Define Class Destructor Using the Tilde Operator in C++

1. Use the Tilde Operator ~ to Declare Class Destructor in C++
2. Execute Code Before the Class Object Destruction in C++
3. Conclusion

The tilde operator, represented by the symbol ~, is a unary operator with diverse applications in C++. Its primary function is to complement bits, effectively inverting the bits of an integer.

However, when it comes to object-oriented programming, the tilde operator takes on a distinct role in the context of class destructors. Here, we’ll explore the significance of the tilde operator in handling the deallocation of a class object’s resources.

Use the Tilde Operator ~ to Declare Class Destructor in C++

A class destructor stands as a specialized member function responsible for the cleanup process when a class object is no longer needed. Unlike class constructors, which initialize object states, a class typically possesses only one destructor.

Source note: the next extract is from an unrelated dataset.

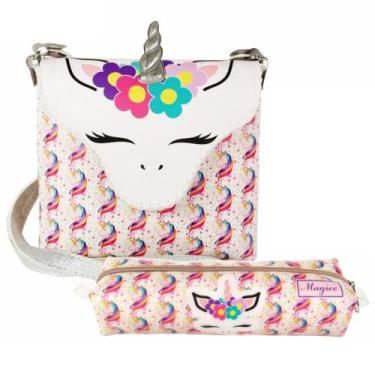 Imagem de Kit Infantil Bolsa e Estojo Unicórnio Feliz, Magicc Bolsas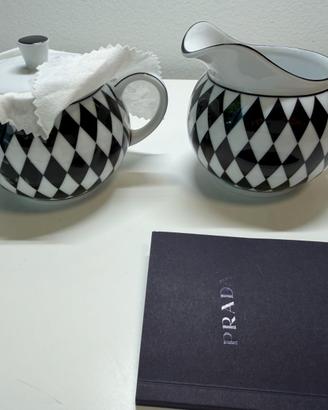 Prada Home Checkerboard lattiera zuccheriera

The declaration of a class destructor involves utilizing the tilde (~) operator followed by the class name, symbolizing its unique role in resource management.

~className()

In scenarios where a class incorporates data members allocated on dynamic memory, explicitly defining the class destructor becomes imperative. The destructor serves as the designated space for deallocating these dynamic resources.

It ensures a streamlined and efficient cleanup process. Failure to define an appropriate destructor may result in memory leaks and undesirable resource retention.

Let’s see a practical example to illustrate the application of the tilde operator in the definition of a class destructor.

Consider the following CustomString class, designed as a wrapper for the standard C++ string (std::string). This class features two constructors, including a copy constructor, emphasizing the nuanced scenarios that necessitate explicit destructor definition.

#include <iostream>
#include <string>
#include <vector>

using std::cout;
using std::endl;
using std::string;
using std::vector;

class CustomString {
 public:
  explicit CustomString(const string &s = string()) : str(new string(s)) {}

  CustomString(const CustomString &p) : str(new string(*p.str)) {}

  ~CustomString() { delete str; }

  string &getString() { return *str; };

 private:
  string *str;
};

int main() {
  CustomString str1("Hello There!");
  CustomString str2(str1);

  cout << "str1: " << str1.getString() << endl;
  cout << "str2: " << str2.getString() << endl << endl;
}

Output:

str1: Hello There!
str2: Hello There!

In this example, the CustomString class showcases the tilde (~) operator in action. Let’s break down each part of the code.

Firstly, the CustomString class is declared with a private data member string *str, which is a pointer to a dynamically allocated string.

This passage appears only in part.